A difficult problem posed by the Dodd-Frank Act is to figure out how to fulfill the mandate for corporations to disclose the ratio between the average compensation of top executives and that of rank-and-file employees. Committee member Damon Silvers, associate general counsel for the AFL-CIO, expressed astonishment that corporations have modern accounting and payroll systems, yet they claim they are unable to calculate the ratios Dodd-Frank requires.
SEC Chairman Elisse Walter sighed that while this will be difficult to resolve, “It is what it is.” She lamented that corporate governance doesn’t do enough for “the little guy” or the mythical Aunt Millie, and she decried the notion that the market may consist of two tiers — one for professionals and the other for small investors.
Walter also referred to the Consolidated Audit Trail (CAT) as a tool that could help “fill the gaps,” and she remarked that the CAT is “on its way.” (A cynic might interject that this effort has been under way and on its way since 1980, and the regulation adopted last fall will do little to enable the level of market surveillance the market needs in light of the rapid increase in the speed of trading and in the frequency of flash crashes in the market as a whole and in individual stocks.)
For the Investor as Purchaser subcommittee, the main project is a set of recommendations for the implementation of the Jumpstart Our Business Startups (JOBS) Act, which was enacted last spring and the subject of a pending rulemaking by the SEC. The subcommittee has approached this issue with some urgency by issuing a comment between the last quarterly meeting and this one, and the recommendations reflect some alarm concerning the direction the crowd funding and general solicitation provisions of the JOBS Act could take, especially the potential for a spike in securities fraud.
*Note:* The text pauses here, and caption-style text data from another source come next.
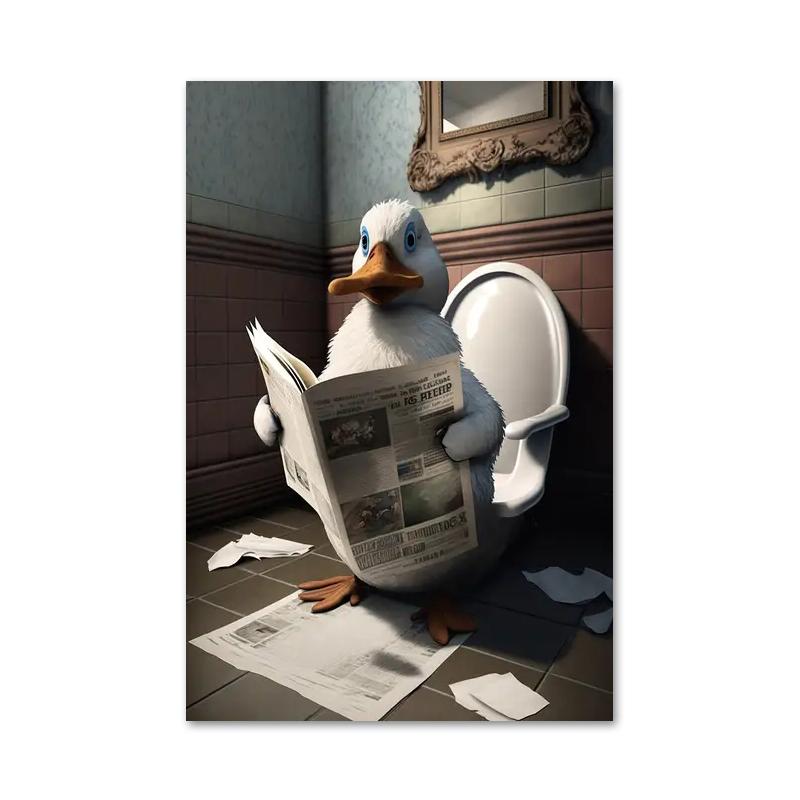 Смешная ванная комната юмористическое животное медведь собака тигр сидит на унитазе читает газету холст картины постеры и принты настенное искусство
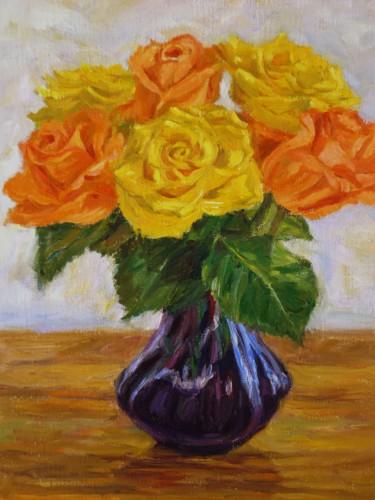Peinture intitulée "Βάζο με λουλούδια" par Athanasia P, Œuvre d'art originale, Huile
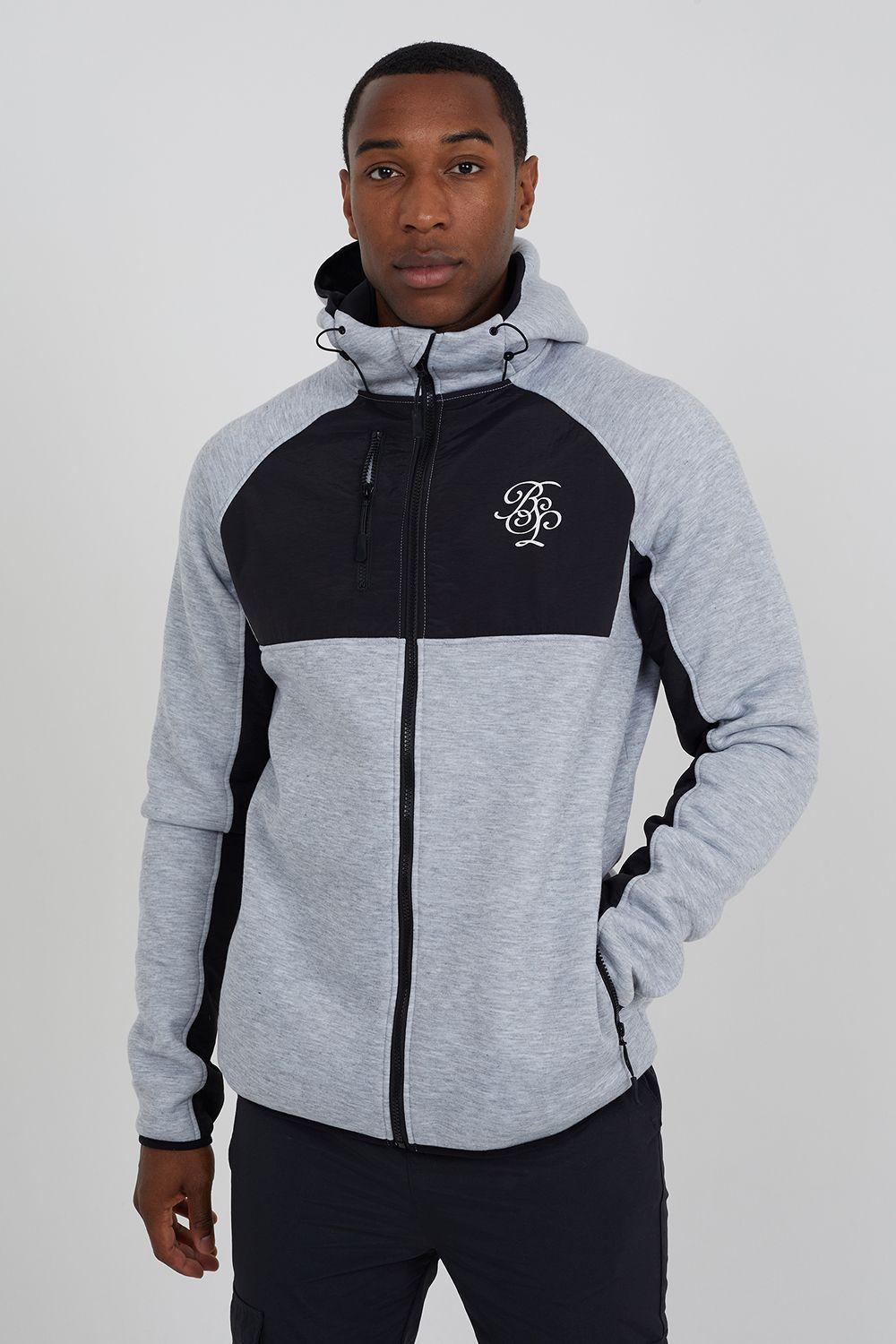 Contrast Panel Zip Through Hoodie by BRAVE SOUL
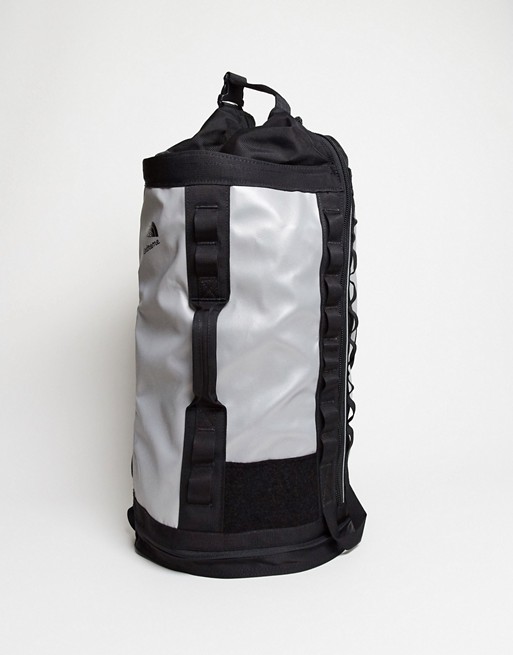 The North Face Explore Haulaback small backpack in reflective silver
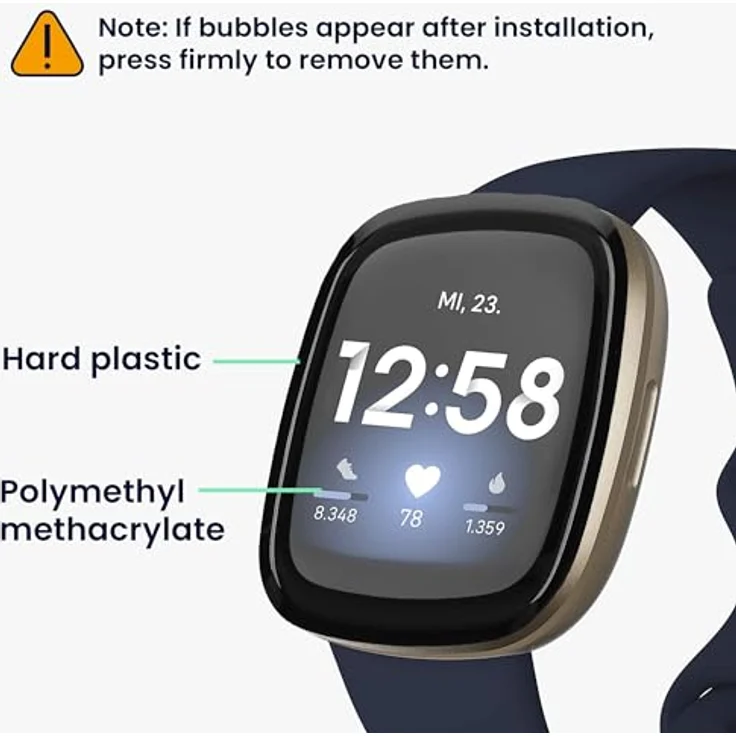 kwmobile 2X Transparente Displayschutzfolie für Fitbit Versa 3 - Stoßfest, Anti-Fingerabdruck, einfach zu installieren – Bild 5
At least 20 issues are at stake in this debate.
Another issue before the subcommittee is the regulation mandated under Dodd-Frank to establish a single standard of care for both brokers and investment advisers, given that many investors are not aware of the difference with whom they are dealing at a given time. The subcommittee chairman, Barbara Roper, director of investor protection at the Consumer Federation of America,
stated that a number of industry groups, many of which distrust each other, have been working on recommendations, but there are “seemingly endless political barriers” to resolving this matter.
A related issue discussed at considerable length was the nature and role of “target date” funds marketed as vehicles tied to an anticipated retirement date. Several participants observed that these funds have morphed from their stated design, and investors may not know what they are buying.
Market Structure subcommittee Chairman Steve Wallman, CEO of Foliofn, warned that a mistake in asset allocation by these funds can destroy the savings of a prospective retiree. Moreover, in the aftermath of the 2008 financial crisis, these funds have made no significant changes — they have learned nothing. Because these funds are one of the available default choices for employees under Employee Retirement Income Security Act (ERISA), jurisdiction lies with the Department of Labor. The Labor Department has developed evidence of failures on the part of fiduciaries, but the SEC has failed to respond to the findings.
The Market Structure subcommittee is communing with the SEC’s Division of Trading and Markets on market infrastructure and technology matters. An important issue is whether the settlement cycle, which has been shortened from five days to three, can be further shortened to a single day or even to real time. However, systemic and investor issues arise.
Finally, many interest groups are affected by decimalization, although the subcommittee has made no recommendations. The SEC has scheduled a roundtable for an entire day on Tuesday, Feb. 5.